▸ Assignment: Transcribe the listing below exactly, leaving out each image.

▸ Material provided:
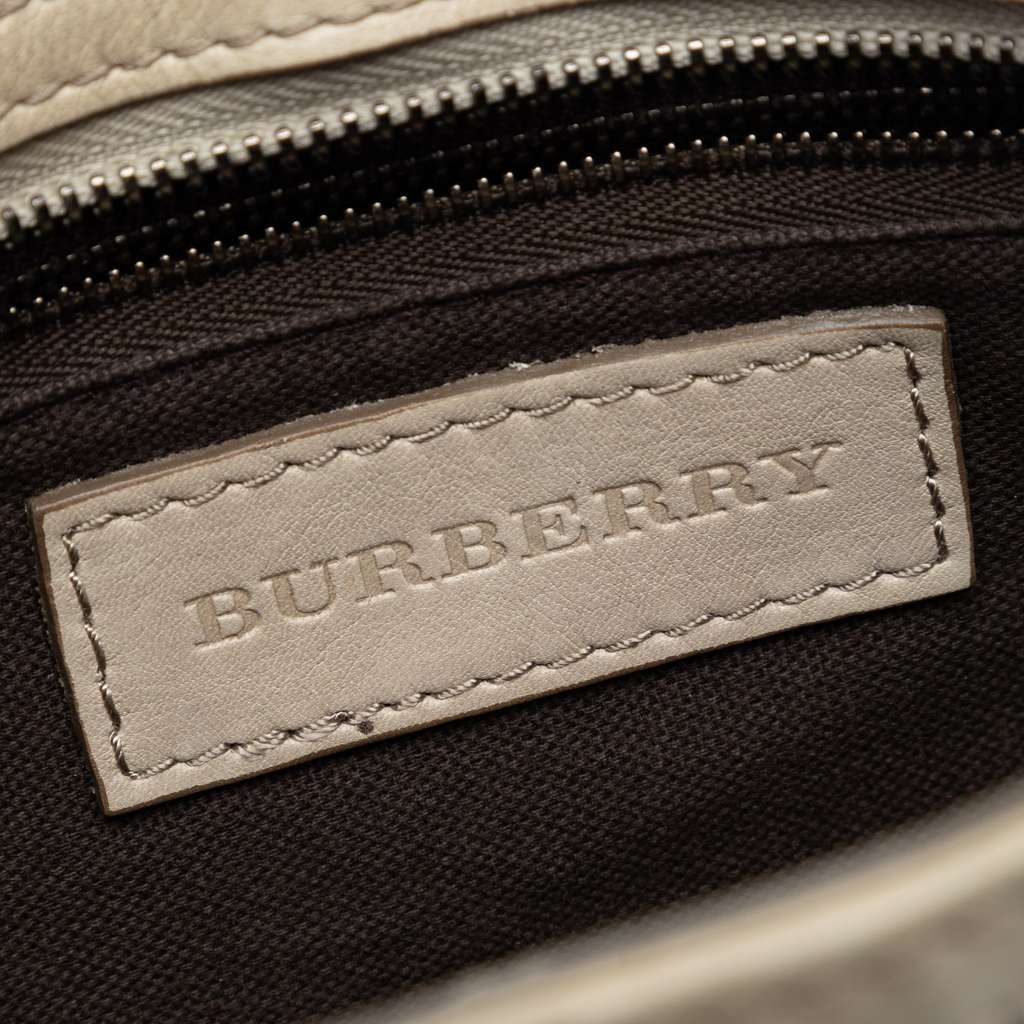 Burberry Smoke Check Coated Canvas Shoulder Bag Beige Very good condition - Box View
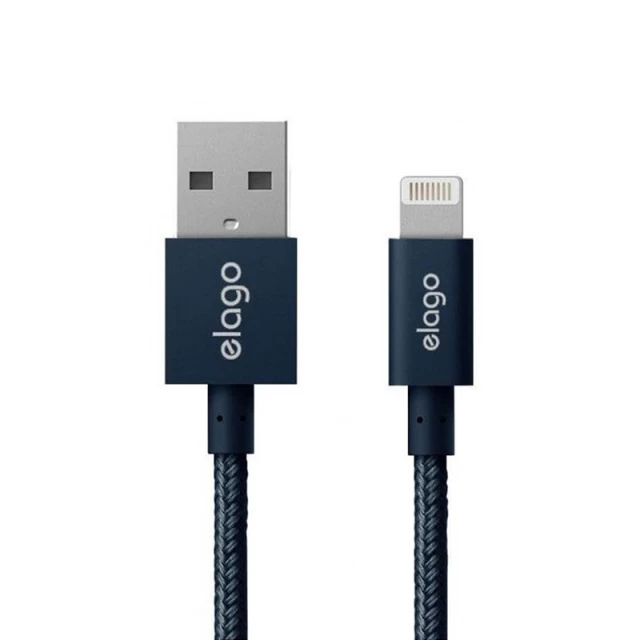 Кабель Elago Aluminum USB-A to Lightning Cable Jean Indigo 1 m (ECA-ALJIN-IPL)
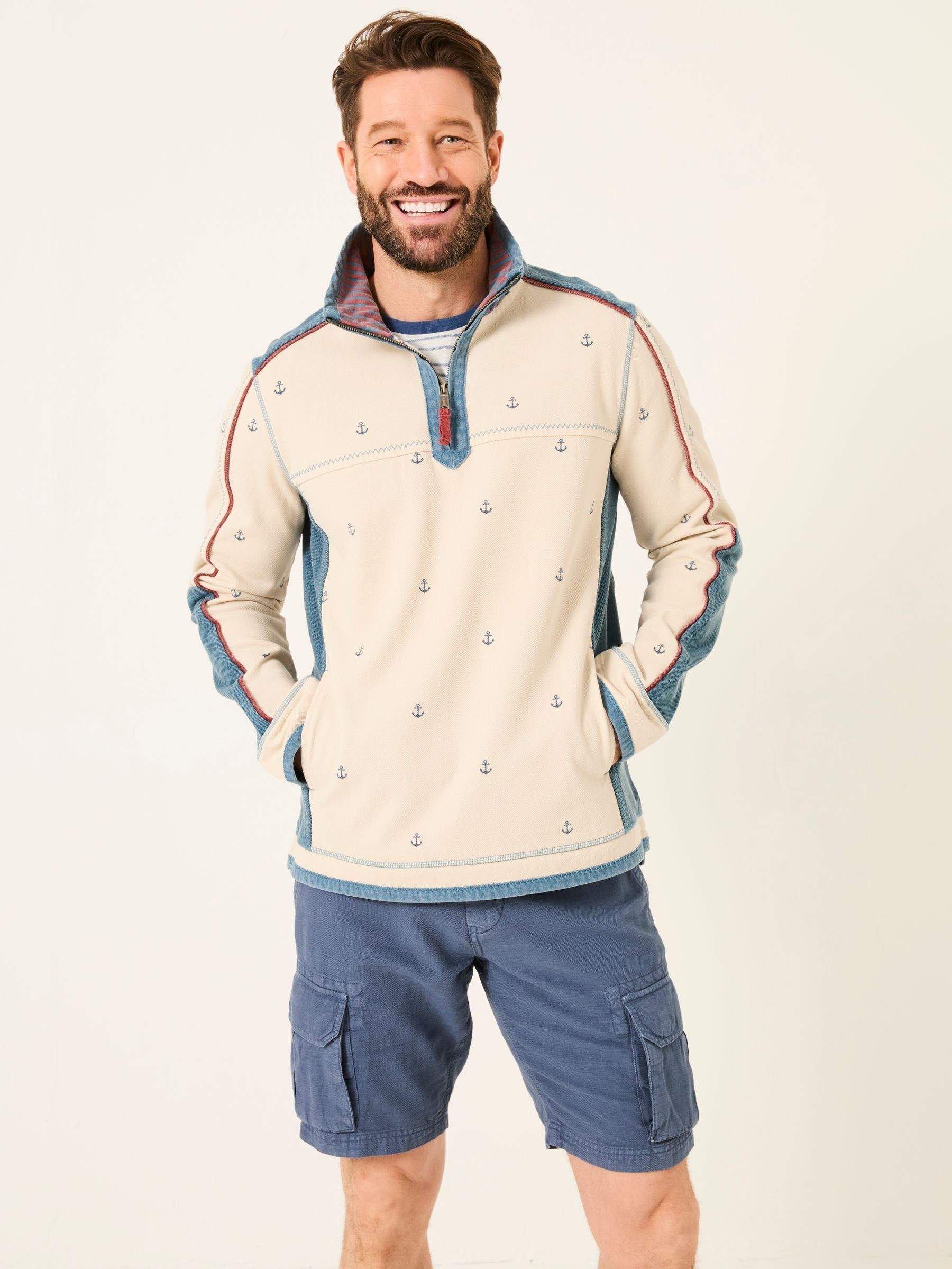 Airlie Natural Airlie Anchor Sweat (AV1855) | £60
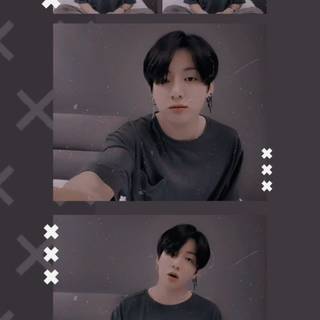 Jungkook aesthetic iPad wallpaper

▸ Answer to this exercise:
 Burberry Smoke Check Coated Canvas Shoulder Bag Beige Very good condition - Box View
 Кабель Elago Aluminum USB-A to Lightning Cable Jean Indigo 1 m (ECA-ALJIN-IPL)
 Airlie Natural Airlie Anchor Sweat (AV1855) | £60
 Jungkook aesthetic iPad wallpaper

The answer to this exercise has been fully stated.